Material shown:
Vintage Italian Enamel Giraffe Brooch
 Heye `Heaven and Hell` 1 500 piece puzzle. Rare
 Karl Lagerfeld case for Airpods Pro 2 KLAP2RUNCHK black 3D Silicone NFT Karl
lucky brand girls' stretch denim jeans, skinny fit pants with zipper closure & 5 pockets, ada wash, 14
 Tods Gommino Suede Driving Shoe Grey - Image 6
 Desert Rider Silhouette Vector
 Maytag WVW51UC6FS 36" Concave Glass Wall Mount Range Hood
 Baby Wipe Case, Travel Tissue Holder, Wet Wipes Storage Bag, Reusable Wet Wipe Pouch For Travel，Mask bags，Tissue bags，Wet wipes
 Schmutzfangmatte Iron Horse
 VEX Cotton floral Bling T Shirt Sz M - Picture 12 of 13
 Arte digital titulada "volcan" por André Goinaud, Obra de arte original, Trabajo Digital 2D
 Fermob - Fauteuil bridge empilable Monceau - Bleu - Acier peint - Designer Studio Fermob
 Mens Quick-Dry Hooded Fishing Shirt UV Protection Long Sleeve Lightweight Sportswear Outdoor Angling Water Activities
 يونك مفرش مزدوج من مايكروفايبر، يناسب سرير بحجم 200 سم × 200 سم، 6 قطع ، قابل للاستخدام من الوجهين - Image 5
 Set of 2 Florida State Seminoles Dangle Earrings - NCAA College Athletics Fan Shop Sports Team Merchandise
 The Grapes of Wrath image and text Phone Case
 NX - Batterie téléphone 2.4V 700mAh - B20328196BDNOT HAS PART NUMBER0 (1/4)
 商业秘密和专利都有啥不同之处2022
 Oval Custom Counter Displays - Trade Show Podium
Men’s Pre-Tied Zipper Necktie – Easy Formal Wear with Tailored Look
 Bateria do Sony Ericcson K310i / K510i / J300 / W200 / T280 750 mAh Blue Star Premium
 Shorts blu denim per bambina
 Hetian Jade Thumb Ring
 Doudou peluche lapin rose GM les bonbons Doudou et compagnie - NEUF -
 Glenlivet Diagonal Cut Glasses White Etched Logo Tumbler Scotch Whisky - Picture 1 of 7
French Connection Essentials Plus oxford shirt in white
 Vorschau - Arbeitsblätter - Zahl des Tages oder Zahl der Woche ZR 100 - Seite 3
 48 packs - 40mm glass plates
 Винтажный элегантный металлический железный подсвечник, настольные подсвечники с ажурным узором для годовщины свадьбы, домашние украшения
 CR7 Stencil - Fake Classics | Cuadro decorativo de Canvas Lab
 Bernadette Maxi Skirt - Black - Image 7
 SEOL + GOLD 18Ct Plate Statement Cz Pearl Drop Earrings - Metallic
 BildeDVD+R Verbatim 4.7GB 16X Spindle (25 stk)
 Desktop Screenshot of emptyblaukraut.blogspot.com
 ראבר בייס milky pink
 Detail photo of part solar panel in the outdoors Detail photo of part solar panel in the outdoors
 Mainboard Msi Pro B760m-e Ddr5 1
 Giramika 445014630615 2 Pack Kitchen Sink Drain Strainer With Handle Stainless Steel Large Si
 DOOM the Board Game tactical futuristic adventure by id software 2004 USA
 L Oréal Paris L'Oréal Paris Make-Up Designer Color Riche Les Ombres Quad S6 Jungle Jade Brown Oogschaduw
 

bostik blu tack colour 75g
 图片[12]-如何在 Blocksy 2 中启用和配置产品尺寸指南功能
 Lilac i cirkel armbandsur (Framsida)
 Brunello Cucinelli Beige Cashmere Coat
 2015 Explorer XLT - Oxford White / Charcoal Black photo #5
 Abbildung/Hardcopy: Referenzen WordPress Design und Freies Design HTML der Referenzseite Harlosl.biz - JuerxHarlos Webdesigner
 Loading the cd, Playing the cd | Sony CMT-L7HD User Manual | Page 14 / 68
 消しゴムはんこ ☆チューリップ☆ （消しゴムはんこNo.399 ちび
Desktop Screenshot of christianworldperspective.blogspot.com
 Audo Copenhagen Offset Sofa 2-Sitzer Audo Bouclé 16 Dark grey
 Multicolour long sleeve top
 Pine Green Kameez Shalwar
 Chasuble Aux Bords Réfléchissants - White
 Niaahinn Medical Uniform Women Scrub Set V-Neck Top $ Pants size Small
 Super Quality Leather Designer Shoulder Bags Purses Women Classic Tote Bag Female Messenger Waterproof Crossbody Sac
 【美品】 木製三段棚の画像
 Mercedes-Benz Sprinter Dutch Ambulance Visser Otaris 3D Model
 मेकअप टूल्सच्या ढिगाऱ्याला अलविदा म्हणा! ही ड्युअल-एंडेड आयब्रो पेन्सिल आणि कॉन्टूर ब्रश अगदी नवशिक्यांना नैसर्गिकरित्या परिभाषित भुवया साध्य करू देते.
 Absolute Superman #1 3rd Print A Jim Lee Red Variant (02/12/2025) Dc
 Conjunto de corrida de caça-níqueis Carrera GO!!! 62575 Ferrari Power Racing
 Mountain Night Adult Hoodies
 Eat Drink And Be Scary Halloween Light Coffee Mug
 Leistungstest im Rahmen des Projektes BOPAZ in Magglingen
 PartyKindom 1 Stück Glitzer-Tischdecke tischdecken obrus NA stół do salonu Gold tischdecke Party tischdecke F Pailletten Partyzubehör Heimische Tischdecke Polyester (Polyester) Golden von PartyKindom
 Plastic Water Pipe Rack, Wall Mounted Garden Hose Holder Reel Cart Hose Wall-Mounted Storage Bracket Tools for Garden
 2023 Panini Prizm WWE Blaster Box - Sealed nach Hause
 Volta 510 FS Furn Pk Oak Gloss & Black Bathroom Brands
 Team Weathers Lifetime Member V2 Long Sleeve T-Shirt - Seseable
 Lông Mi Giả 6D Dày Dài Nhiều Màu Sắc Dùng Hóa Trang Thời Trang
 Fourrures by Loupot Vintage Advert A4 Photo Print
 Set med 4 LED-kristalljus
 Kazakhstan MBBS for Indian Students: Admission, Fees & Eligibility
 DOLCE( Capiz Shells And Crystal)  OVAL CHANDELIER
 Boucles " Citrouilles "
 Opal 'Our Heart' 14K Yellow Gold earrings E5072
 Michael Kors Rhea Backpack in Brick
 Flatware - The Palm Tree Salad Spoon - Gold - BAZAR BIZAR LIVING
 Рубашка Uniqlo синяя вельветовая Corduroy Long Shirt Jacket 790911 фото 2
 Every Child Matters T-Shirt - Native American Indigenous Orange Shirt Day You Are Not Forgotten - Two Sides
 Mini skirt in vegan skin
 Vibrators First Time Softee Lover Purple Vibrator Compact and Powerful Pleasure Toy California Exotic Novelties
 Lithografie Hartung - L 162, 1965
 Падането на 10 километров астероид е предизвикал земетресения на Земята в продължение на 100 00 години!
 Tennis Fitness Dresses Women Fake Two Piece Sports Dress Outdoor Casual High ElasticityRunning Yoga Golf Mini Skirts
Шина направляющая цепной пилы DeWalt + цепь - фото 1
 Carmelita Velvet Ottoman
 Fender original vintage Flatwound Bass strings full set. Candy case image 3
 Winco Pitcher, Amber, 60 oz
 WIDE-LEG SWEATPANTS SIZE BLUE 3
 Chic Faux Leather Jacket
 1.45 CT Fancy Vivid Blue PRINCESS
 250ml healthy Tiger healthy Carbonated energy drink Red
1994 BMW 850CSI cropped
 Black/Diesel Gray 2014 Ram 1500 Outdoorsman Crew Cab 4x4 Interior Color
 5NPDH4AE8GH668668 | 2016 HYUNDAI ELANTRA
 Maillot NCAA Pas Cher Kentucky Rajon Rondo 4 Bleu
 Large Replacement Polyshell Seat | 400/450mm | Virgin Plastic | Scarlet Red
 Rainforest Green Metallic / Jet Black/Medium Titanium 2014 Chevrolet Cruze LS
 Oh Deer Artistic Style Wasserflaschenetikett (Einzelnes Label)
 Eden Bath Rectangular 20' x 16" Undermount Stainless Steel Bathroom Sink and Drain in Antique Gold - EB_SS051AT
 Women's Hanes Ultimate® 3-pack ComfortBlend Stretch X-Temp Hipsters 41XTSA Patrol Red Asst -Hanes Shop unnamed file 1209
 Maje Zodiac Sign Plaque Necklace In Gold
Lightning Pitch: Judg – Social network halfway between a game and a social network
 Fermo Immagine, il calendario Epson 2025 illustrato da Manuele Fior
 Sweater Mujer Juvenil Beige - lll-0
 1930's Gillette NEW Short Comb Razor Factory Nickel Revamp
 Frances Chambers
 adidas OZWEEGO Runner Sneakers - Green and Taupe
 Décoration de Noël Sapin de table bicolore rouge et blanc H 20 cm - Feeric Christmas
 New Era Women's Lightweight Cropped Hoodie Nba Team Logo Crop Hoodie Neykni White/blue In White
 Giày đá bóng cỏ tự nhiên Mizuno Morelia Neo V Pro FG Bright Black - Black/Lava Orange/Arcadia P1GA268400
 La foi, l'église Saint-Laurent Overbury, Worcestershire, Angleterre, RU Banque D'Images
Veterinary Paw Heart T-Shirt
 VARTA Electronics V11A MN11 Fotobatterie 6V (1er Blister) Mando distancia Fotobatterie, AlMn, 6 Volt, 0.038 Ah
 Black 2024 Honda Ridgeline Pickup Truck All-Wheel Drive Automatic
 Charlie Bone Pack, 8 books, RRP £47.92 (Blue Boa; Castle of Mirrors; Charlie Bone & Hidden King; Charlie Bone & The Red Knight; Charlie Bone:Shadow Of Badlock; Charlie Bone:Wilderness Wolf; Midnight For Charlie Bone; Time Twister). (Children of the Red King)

Exercise instructions:
The answer should hold only the lines from the start of the records above through the line containing "Hetian Jade Thumb Ring", each set down exactly.

Output below:
Vintage Italian Enamel Giraffe Brooch
 Heye `Heaven and Hell` 1 500 piece puzzle. Rare
 Karl Lagerfeld case for Airpods Pro 2 KLAP2RUNCHK black 3D Silicone NFT Karl
lucky brand girls' stretch denim jeans, skinny fit pants with zipper closure & 5 pockets, ada wash, 14
 Tods Gommino Suede Driving Shoe Grey - Image 6
 Desert Rider Silhouette Vector
 Maytag WVW51UC6FS 36" Concave Glass Wall Mount Range Hood
 Baby Wipe Case, Travel Tissue Holder, Wet Wipes Storage Bag, Reusable Wet Wipe Pouch For Travel，Mask bags，Tissue bags，Wet wipes
 Schmutzfangmatte Iron Horse
 VEX Cotton floral Bling T Shirt Sz M - Picture 12 of 13
 Arte digital titulada "volcan" por André Goinaud, Obra de arte original, Trabajo Digital 2D
 Fermob - Fauteuil bridge empilable Monceau - Bleu - Acier peint - Designer Studio Fermob
 Mens Quick-Dry Hooded Fishing Shirt UV Protection Long Sleeve Lightweight Sportswear Outdoor Angling Water Activities
 يونك مفرش مزدوج من مايكروفايبر، يناسب سرير بحجم 200 سم × 200 سم، 6 قطع ، قابل للاستخدام من الوجهين - Image 5
 Set of 2 Florida State Seminoles Dangle Earrings - NCAA College Athletics Fan Shop Sports Team Merchandise
 The Grapes of Wrath image and text Phone Case
 NX - Batterie téléphone 2.4V 700mAh - B20328196BDNOT HAS PART NUMBER0 (1/4)
 商业秘密和专利都有啥不同之处2022
 Oval Custom Counter Displays - Trade Show Podium
Men’s Pre-Tied Zipper Necktie – Easy Formal Wear with Tailored Look
 Bateria do Sony Ericcson K310i / K510i / J300 / W200 / T280 750 mAh Blue Star Premium
 Shorts blu denim per bambina
 Hetian Jade Thumb Ring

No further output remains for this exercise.